Robert Downey Jr’s Admiral Lewis [“Energy too cheap to meter”] Strauss is sure to win a Best Supporting Actor nod. Adm. Strauss is the same AEC director who, nine years later, would pronounce the world’s first deliverable hydrogen bomb – Bravo equaling 1,000 Hiroshimas – a success at the AEC’s Pacific Proving Ground at Bikini Atoll in the Marshall Islands. The alibi that the deadly radioactive fallout from Bravo, afflicting numerous inhabited islands and thousands of islanders downwind from Bikini, was an “accident” and due to “sudden wind shifts” originated with Adm. Strauss at a press conference he held with President Eisenhower on April 4, 1954.

Coincidentally, I lived with the downwind victims of Edward Teller’s 15-megaton H-bomb creation Bravo for two years as a Peace Corps Volunteer in the Marshall Islands. Teller developed Bravo – following his despicable betrayal of Oppenheimer – in 1954 to produce maximum radioactive fallout so as to create a health and environmental simulation of a prospective nuclear exchange with the former USSR at a fraught moment in the nascent Cold War.
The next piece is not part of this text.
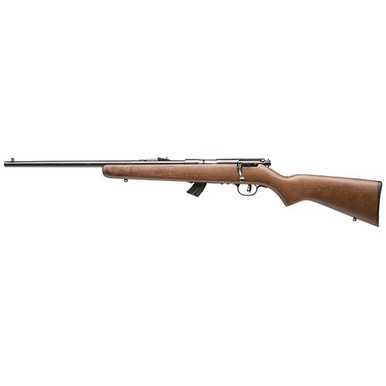 Savage Arms 50702 Mark II GL 22 LR 10+1 Cap 19" Matte Blued Rec/Barrel Satin Hardwood Stock Left Hand (Youth) with AccuTrigger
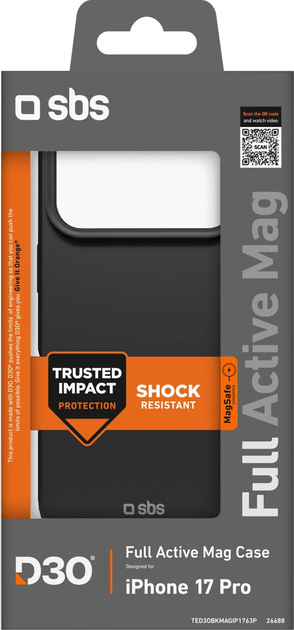 Etui plecki SBS Full Active Mag do Apple iPhone 17 Pro Black (8018417526688) - obraz 2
A disappointing omission in “Oppenheimer” concerns British and American physicist Joseph Rotblat, who worked on tube alloys with the Manhattan Project. Rotbalt walked off the Project in 1943 when he was convinced Germany was unable to produce a nuclear weapon, and because of his fear that an A-bomb could be used against the USSR. His example led to the 1945 Szilard petition with 70 Project scientists calling to pre-warn the Japanese before using the A-bomb, a petition quashed by Oppenheimer.

Because of his early opposition to the use of nuclear weapons, Roblat went on to win – with his organization Pugwash – the Nobel Peace Prize in 1995 for his post-war campaigning to abolish nuclear weapons.

On a personal note, I had the good fortune of spending an afternoon with Joseph Rotblat in his London office in 1985 while on a U.K. speaking tour about the plight of the Marshall Islanders. Rotblat grilled me about the Marshallese and could not have been more interested in my interviews with downwind Marshallese women and their problems with pregnancy following Bravo’s lethal fallout.

A glaring omission of the film completely ignores the fact that Los Alamos, far from being an empty sector of land in New Mexico, was occupied by thousands of indigenous Native Americans and other “downwinders” caught in the lethal radioactive fallout from the first atomic test “Trinity” on July 16th, 1945.

Finally, try to imagine if the haberdasher-turned Senator from Missouri had not replaced then-Vice-President Henry Wallace in the 1944 Democratic convention, a vital issue given FDR’s rapidly deteriorating health concerns. Wallace was a popular New Deal Democrat with progressive politics regarding women, racial integration, elimination of rural poverty, national health insurance, etc. Wallace was the Sen. Bernie Sanders of the day.

If FDR had not dumped Henry Wallace at the 1944 Democratic convention, under pressure from the Manchins and Sinemas of the day, and if Truman had not become the Vice- President instead, Henry Wallace would not have dropped the atomic bomb in Japan. These are some of the more serious omissions from “Oppenheimer,” our contemporary cautionary tale, a tale made resonant with President Putin’s threats of using nuclear weapons in Ukraine.